Task prompt ▸
All the lines below should be set down exactly, with no picture carried into the copy.
*** Dataset content ***
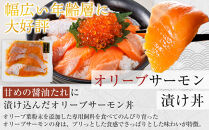 オリーブサーモン漬け丼セット&nbsp;60g×6パック&nbsp;冷凍【サーモン&nbsp;漬け&nbsp;海鮮&nbsp;丼&nbsp;漬け丼&nbsp;国産&nbsp;香川県&nbsp;讃岐&nbsp;さぬき】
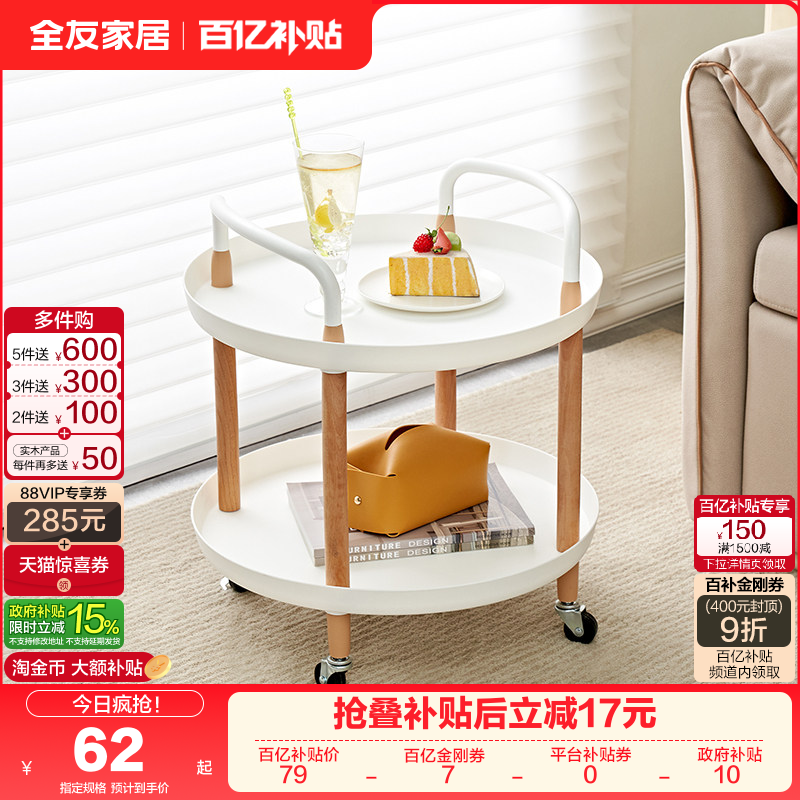 全友家居置物架现代简约双层置物卧室床阳台圆形置物架KD,住宅家具,搁板/置物架/家用陈列架,淘宝优惠券,粉丝福利购,淘宝优惠卷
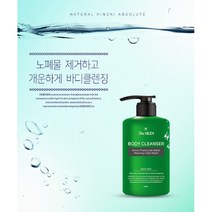 [헤베니케] 더스킨 편백 바디클린져 500ml + 사은품 : 알로에 폼클렌징 130ml (아토피 안심마크 인증 순한 타입의 클린져 외부환경에 자극받은 피부 진정)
*** End of Dataset content ***
Finished task ▸
 オリーブサーモン漬け丼セット&nbsp;60g×6パック&nbsp;冷凍【サーモン&nbsp;漬け&nbsp;海鮮&nbsp;丼&nbsp;漬け丼&nbsp;国産&nbsp;香川県&nbsp;讃岐&nbsp;さぬき】
 全友家居置物架现代简约双层置物卧室床阳台圆形置物架KD,住宅家具,搁板/置物架/家用陈列架,淘宝优惠券,粉丝福利购,淘宝优惠卷
 [헤베니케] 더스킨 편백 바디클린져 500ml + 사은품 : 알로에 폼클렌징 130ml (아토피 안심마크 인증 순한 타입의 클린져 외부환경에 자극받은 피부 진정)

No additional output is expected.